Lo rilevano i dati resi noti oggi da Contribuenti.it – Associazione Contribuenti Italiani che con Lo Sportello Antiusura monitora costantemente il fenomeno del sovra indebitamento delle famiglie e delle piccole imprese in Italia.
In Italia sono a rischio 1.662.000 famiglie e 1.210.000 piccole imprese - afferma Vittorio Carlomagno presidente di Contribuenti.it Associazione Contribuenti Italiani –Nel 2009 il debito medio delle famiglie ha raggiunto la cifra di 27.300 euro, mentre quello dei piccoli imprenditori ha raggiunto il tetto dei 47.500 euro”.
Il comunicato di Contribuenti,it continua:
Nel 2009 al primo posto tra regioni maggiormente esposte al rischio usura troviamo il Piemonte, seguito dalla Sicilia, Emilia Romagna, Campania, Lombardia, Toscana, Veneto, Lazio, Puglia, Calabria, Liguria, Friuli V-Giulia, Umbria, Abruzzo, Trentino-A.Adige, Sardegna, Valle d’Aosta, Basilicata, Marche e Molise.
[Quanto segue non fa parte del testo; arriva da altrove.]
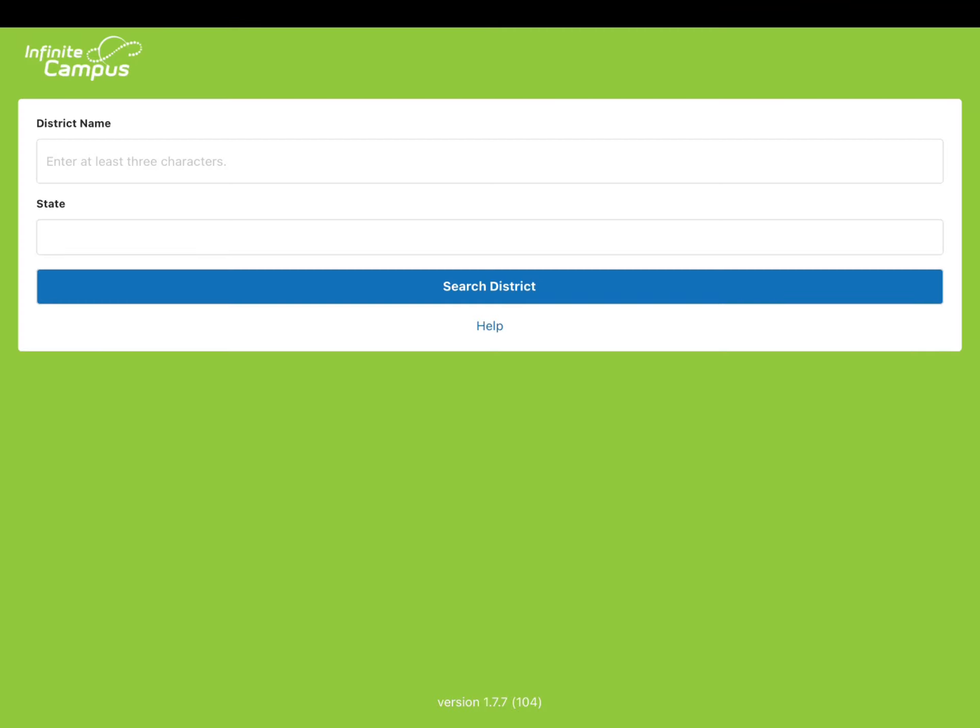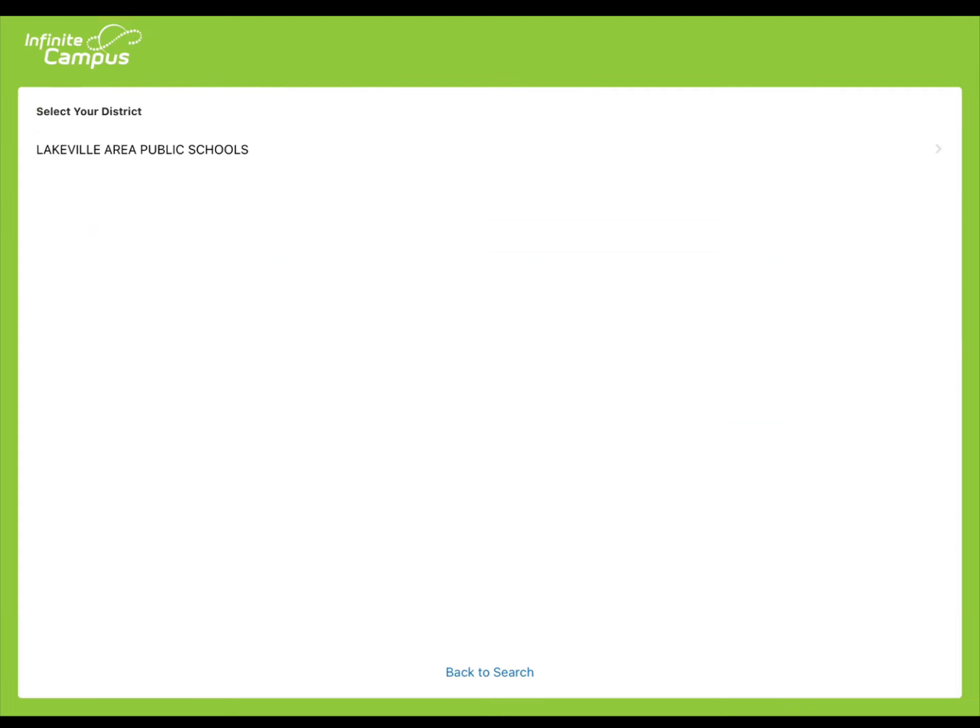The first time you click on the Infinite Campus app, this screen will appear. In the district name, type in Lakeville, and then in the state choose Minnesota from the drop-down box. Then click Search District.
''La crisi economica, il crollo della borsa, il boom delle carte di credito revolving, la crescita del gioco d’azzardo ed il fisco iniquo – continua Carlomagno - rischiano di far scivolare migliaia di famiglie e piccole imprese in mano agli usurai. Soprattutto durante il periodo dei saldi che spinge un po' tutti a fare acquisti, anche se non si dispone della necessaria liquidità, pagando con la carta di credito o facendosi prestare soldi da persone inaffidabili.”
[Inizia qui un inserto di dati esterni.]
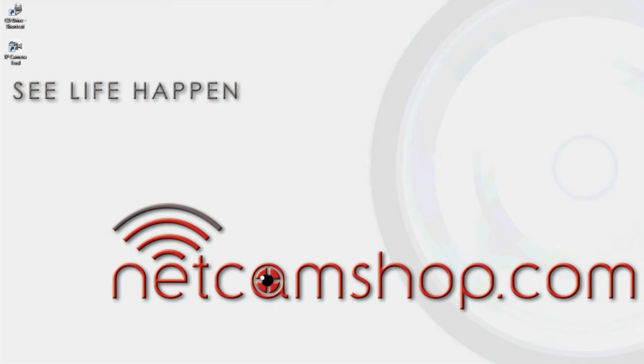Hello, and this video tutorial is brought to you by netcamshop.com, your source for all things IP camera and home automation.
''Purtroppo - prosegue Carlomagno - dati confermano che il fenomeno sta aumentando e che ancora non si è raggiunta la punta dell’iceberg. In passato, ogni qual volta l'economia ha segnato brusche frenate, l'usura ha subito delle forti crescite. Ora c'e' un ulteriore problema. Ovvero, la poca propensione alla elargizione del credito da parte delle banche e l’aggressione al patrimonio familiare da parte del fisco che ha costretto numerose famiglie monoreddito a richiedere prestiti. Tra queste, numerose sono quelle che si sono rivolte alle fondazioni antiusura”.
Contribuenti.it chiede al governo uno stanziamento straordinario di un miliardo di euro a favore del microcredito sociale e di far partire la Banca del Mezzogiorno, per arginare il proliferarsi dell’usura.